We also failed to effectively utility status.cheqd.net to provide updates. This generally needs to be incorporated more into the Product & Engineering teams ways of working, and in particular at critical points like upgrades.

. . .

Thank you to our validators for your patience and support throughout. Fortunately this didn’t cause any significant downtime, however it could have been avoided through more stringent checks on testnet, and more communication with other Cosmos SDK chains.

You can also read more about about plans for the year ahead in our Our Product Vision for 2023 at cheqd 🔮.

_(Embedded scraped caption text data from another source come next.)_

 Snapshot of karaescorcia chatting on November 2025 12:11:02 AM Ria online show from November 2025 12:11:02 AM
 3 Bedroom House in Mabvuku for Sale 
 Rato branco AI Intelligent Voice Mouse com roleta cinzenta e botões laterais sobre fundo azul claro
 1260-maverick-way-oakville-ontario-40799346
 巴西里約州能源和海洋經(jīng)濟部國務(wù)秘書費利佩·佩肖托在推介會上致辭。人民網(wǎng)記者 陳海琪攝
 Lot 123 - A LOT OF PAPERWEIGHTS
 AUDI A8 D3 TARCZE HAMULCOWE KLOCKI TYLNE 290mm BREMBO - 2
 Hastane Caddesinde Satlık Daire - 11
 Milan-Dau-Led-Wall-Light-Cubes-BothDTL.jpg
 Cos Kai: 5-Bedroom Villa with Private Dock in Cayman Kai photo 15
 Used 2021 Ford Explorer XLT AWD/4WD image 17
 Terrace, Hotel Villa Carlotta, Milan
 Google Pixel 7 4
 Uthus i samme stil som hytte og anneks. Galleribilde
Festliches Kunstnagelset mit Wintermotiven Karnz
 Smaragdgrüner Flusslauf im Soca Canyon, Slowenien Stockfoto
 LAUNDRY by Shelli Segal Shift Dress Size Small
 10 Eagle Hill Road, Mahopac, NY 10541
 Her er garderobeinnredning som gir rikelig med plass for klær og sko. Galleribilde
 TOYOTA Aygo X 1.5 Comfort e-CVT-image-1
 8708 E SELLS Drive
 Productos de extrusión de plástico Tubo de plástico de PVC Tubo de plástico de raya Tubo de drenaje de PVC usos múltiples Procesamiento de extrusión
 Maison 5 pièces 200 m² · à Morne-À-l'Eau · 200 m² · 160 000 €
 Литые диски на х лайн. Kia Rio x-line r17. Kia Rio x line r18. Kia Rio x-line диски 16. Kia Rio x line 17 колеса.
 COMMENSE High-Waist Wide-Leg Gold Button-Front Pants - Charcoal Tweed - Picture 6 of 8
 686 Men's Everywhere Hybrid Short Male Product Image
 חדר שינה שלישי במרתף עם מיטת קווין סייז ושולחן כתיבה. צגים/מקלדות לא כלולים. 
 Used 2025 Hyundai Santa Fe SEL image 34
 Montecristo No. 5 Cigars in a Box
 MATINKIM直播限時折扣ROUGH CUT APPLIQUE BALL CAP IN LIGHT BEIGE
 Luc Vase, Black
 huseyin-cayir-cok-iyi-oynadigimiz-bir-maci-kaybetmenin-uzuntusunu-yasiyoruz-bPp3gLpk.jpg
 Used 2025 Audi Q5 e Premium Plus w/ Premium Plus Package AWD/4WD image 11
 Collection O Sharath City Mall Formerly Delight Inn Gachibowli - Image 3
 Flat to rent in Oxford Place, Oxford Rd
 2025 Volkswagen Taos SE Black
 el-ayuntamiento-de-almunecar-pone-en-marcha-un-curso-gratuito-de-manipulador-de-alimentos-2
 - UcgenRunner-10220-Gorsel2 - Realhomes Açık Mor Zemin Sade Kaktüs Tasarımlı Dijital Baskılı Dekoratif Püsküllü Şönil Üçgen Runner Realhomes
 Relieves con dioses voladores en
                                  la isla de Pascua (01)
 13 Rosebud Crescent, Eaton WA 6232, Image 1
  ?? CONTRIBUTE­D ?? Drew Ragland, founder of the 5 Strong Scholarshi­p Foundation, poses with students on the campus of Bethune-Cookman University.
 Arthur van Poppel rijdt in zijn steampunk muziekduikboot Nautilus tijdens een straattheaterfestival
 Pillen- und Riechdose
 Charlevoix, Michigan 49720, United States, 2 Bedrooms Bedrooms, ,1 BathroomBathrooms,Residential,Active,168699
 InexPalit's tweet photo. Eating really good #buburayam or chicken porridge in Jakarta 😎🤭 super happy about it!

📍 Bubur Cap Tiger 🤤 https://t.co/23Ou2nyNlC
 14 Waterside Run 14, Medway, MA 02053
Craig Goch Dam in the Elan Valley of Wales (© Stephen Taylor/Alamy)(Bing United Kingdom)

v1.x upgrade RCA | Product Docs (2024)
Top Articles
Mastoiditis in Children
Folliculitis, Furuncles, and Carbuncles in Children
5 Fastest Ways To Become Rich by Investing in the Stock Market
Forum Phun Extra
Academic Calendar Pbsc
799: The Lives of Others - This American Life
Random Animal Hybrid Generator Wheel
Pbr Oklahoma Baseball
Premier Double Up For A Buck
Editado Como Google Translate
What Does Sybau Mean
Cpcon Protection Priority Focus
Einfaches Spiel programmieren: Schritt-für-Schritt Anleitung für Scratch
Lebenszahl 8: Ihre wirkliche Bedeutung
Sandra Sancc
The Guardian Crossword Answers - solve the daily Crossword
Rick Harrison Daughter Ciana
Breakroom Bw
Budokai Z Pre Alpha Trello
Palmetto E Services
Über 60 Prozent Rabatt auf E-Bikes: Aldi reduziert sämtliche Pedelecs stark im Preis - nur noch für kurze Zeit
Prey For The Devil Showtimes Near Amc Ford City 14
Shawn N. Mullarkey Facebook
Atlanticbb Message Center
How to Learn Brazilian Jiu‐Jitsu: 16 Tips for Beginners
Sweeterthanolives
Roblox Roguelike
619-354-3954
Where To Find Permit Validation Number
Our Favorite Paper Towel Holders for Everyday Tasks
Paris 2024: The first Games to achieve full gender parity
Blue Beetle Showtimes Near Regal Independence Plaza & Rpx
Southeast Ia Craigslist
Tcc Northeast Library
Flixtor The Meg
Pixel Run 3D Unblocked
Dan And Riya Net Worth In 2022: How Does They Make Money?
Shih Tzu Puppies For Sale In Michigan Under $500
Www.1Tamilmv.cfd
Stephanie Ruhle's Husband
How to Survive (and Succeed!) in a Fast-Paced Environment | Exec Learn
Blog:Vyond-styled rants -- List of nicknames (blog edition) (TouhouWonder version)
Chess Unblocked Games 66
Tyson Foods W2 Online
Pulp Fiction 123Movies
Hr Central Luxottica Benefits
Lifetime Benefits Login
Kayla Simmons Of Leak
Thekat103.7
Jersey Mike's Subs: 16 Facts About The Sandwich Chain - The Daily Meal
Nordstrom Rack Glendale Photos
Potion To Reset Attributes Conan
Latest Posts
Article information

Author: Edmund Hettinger DC

Last Updated:

Views: 5341

Rating: 4.8 / 5 (58 voted)

Reviews: 89% of readers found this page helpful

Author information

Name: Edmund Hettinger DC

Birthday: 1994-08-17

Address: 2033 Gerhold Pine, Port Jocelyn, VA 12101-5654

Phone: +8524399971620

Job: Central Manufacturing Supervisor

Hobby: Jogging, Metalworking, Tai chi, Shopping, Puzzles, Rock climbing, Crocheting

Introduction: My name is Edmund Hettinger DC, I am a adventurous, colorful, gifted, determined, precious, open, colorful person who loves writing and wants to share my knowledge and understanding with you.